Re: Fast (intelligent) raid1

"Peter T. Breuer" <ptb@it.uc3m.es> · Fri, 24 Jan 2003 10:34:08 +0100 (MET)

"A month of sundays ago Ingo Molnar wrote:"
> your patch looks really interesting.

Thanks - I had a look at changing it to depend on the md.c module last
night on the train home, but I need some architectural information. I
see the personality struct and its methods, but I need to knwo the
semantics that's expected in the methods. There are underlying
assumptions - whatis nb_disk (total? Actual?). Whatshoudl the run
method do. Does it run through a lits of disk components? It looks like
it does. Etc.

I may try for raid4 first.

> > The driver keeps a bitmap of pending writes in memory, and writes them
> > to the mirror component that's just been repaired when it comes back on
> > line.  The bitmap is two-level and created pagewise on demand, so it's
> > not too expensive. [...]
> 
> how do you ensure that the 'repaired' drive indeed only differs in the
> dirty-bitmap portions of the data disk? It's perfectly valid to add a

If the disk has been hotremoved and then hotadded, it is completely
resynced. If, OTOH, it has only been setfaultyéd and then hotadded, it
is repaired according to the bitmap.

I would really prefer that there were a raidhotrepair utility and ioctl
(to repair setfaulty), but in the meantime I use the idea that fixing
a disk "only" in the setfaulty state is always done from the bitmap.
If the disk has been hotremoved, then the repair is made complete.

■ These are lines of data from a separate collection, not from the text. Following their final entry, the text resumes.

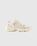 New Balance – MR530AA Beige - Sneakers - Beige - Image 1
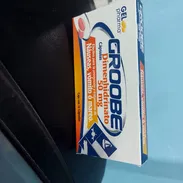 Gravinol de 50 mg en tab - Img 55564212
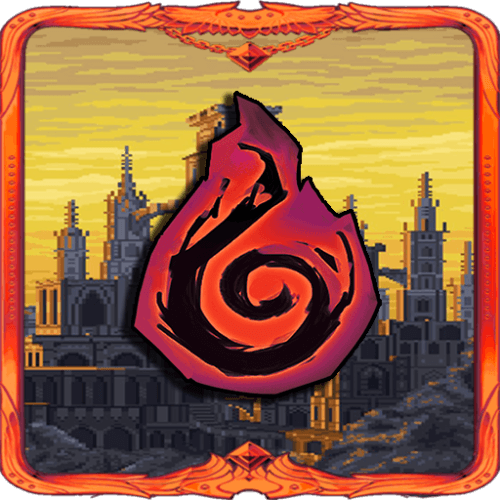 Idle Kingdom: Hero Story RPG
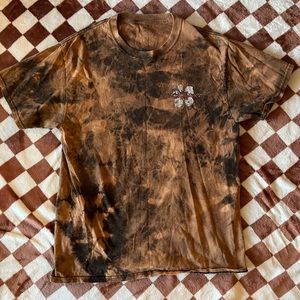 Trader Joe’s unisex medium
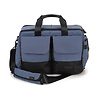 DNA V2 16 Pro Shoulder Bag (Blue) Thumbnail 1
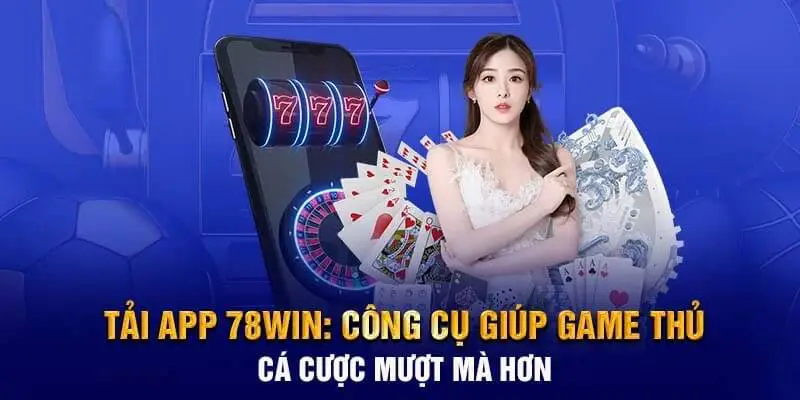 365ok kết quả xổ số miền bắc 30 ngày 90 ngày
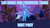 Size: 959x540 | Tagged: safe, trixie, pony, unicorn, g4, best pony, blue text, female, image macro, mare, meme, solo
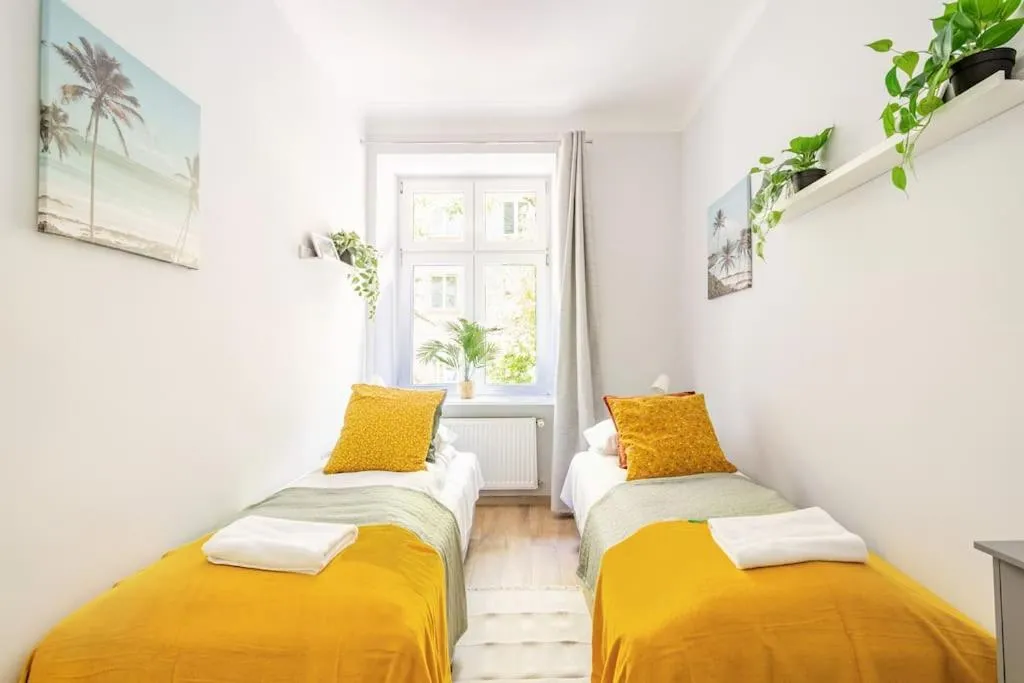Image 6 of Apartament Galla – Cichy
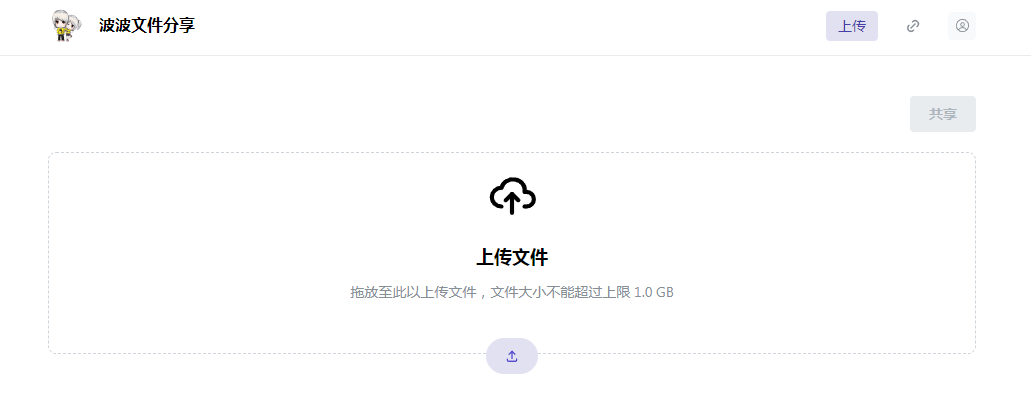 2023-12-14T13:25:45.png 2023-12-14T13:25:45.png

I would like to use the suberblock information to identify and
differentiate between replacement disks, but unfortunately I need
instruction there too. I could tell from the uuid if the same disk were
being put back or not. If it's the same disk, then the repair can be
done using the bitmap.

> completely new (and unsynced) disk to the system when one disk fails. Or
> is this the responsibility of the administrator?

The admin can always override.

> also, your resyncing method does not attempt to address the resync
> necessary to be done after an unclear shutdown (eg. power failure),
> correct?

Possibly, but I only say that because I'm not sure what that is. It has
been my experience that the current softraid is itself not very clear
on the issue! If the array is somehow taken down badly, then there is
no very easy way of deternining who has the best copy of the data the
nexttime it is restarted.

I suspect that you mean the "sync on startup" that should in principle
be done, but which can be avoided if there is sufficient "good
indicators" in the various superblocks.  Since I need to be taught
about the superblock from zero, yes, I have not used it! The
current code does no sync at start up _at all_, nor does it
deal with persistent superblocks. I need documentation - or instruction.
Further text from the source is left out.